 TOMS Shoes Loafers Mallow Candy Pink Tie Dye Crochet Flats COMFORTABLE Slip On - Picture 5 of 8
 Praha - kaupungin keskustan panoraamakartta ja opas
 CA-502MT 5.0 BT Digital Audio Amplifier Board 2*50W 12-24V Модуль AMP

--

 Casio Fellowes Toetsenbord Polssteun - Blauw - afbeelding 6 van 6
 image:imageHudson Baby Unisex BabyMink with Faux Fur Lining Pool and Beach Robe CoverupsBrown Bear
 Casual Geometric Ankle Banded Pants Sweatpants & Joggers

● Work request:
Look above for the line with "TOMS Shoes Loafers" and the line with "CA-502MT 5.0 BT". Retype those two lines and every line between them exactly, adding nothing.

● Result for this exercise:
 TOMS Shoes Loafers Mallow Candy Pink Tie Dye Crochet Flats COMFORTABLE Slip On - Picture 5 of 8
 Praha - kaupungin keskustan panoraamakartta ja opas
 CA-502MT 5.0 BT Digital Audio Amplifier Board 2*50W 12-24V Модуль AMP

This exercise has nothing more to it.